The actors do a fine job with what they’re given but they aren’t given much. The character development is nigh non-existent. We only get a few moments where we see the potential of Harley’s character. We see glimpses of her relationship with the Joker (Leto) and her feelings but they don’t go anywhere.

In the case of Deadshot, just having bits of dialog to show that he loves his daughter isn’t character development. He’s the highest paid assassin in the world (and along with that, I’d be surprised if he only killed “bad guys” but the movie doesn’t get into that) and he was captured because his daughter didn’t want him to kill his captor. Did his capture get him to reflect on his life choices? Hardly (or if it did, I wasn’t feelin’ it).

Even El Diablo (Hernandez) had some potential. Back-story-wise, he lost control of his fiery temper (literally) and killed his family. He vowed never to use his powers again. Sweet. I’m always down to see a continuous objector. So, the suicide squad is running through the city, killing bad guys and Deadshot keeps pushing until Diablo goes into a rage. His hands ignite and shoot fire, killing like two-dozen people. Deadshot half apologizes for his antagonism saying, “All [Diablo] needed was a little push”. Disappointed! He’s this big objector for perfectly reasonable reasons but he forgets all of that because he was provoked? I would’ve loved to see El Diablo go without fighting the entire movie or facing the quandary of fighting to save his friends or even dying. “Giving him a little push” feels like a copout.

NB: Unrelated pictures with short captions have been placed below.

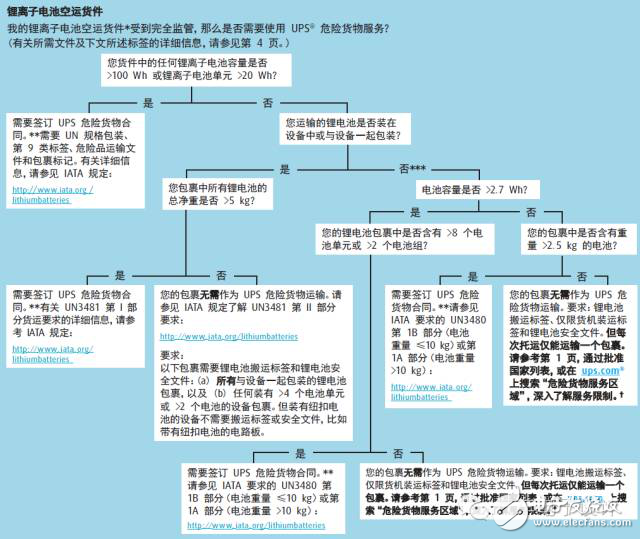 電動(dòng)汽車的消防場(chǎng)景配置與滅火剖析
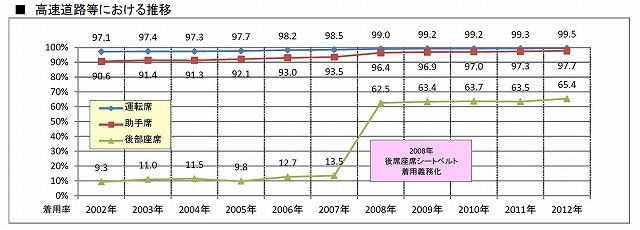 高速道路等における推移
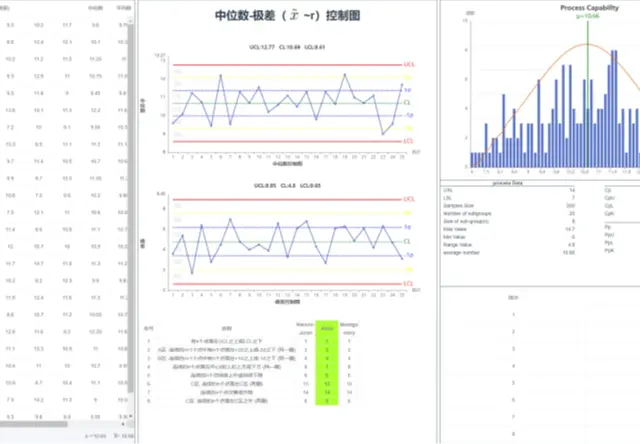 QMS/SPC质量管理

Whew, I think this gets Suicide Squad out of my system. I’ve been toying with this review for the past week or two. I wasn’t quite sure how much or how little to say. In any case, pass on this and see a good movie. But, if you have seen Suicide Squad, what did you think of it? Have you read any of the comics? I’d be interested in hearing about how closely they followed the comics. Thanks for reading!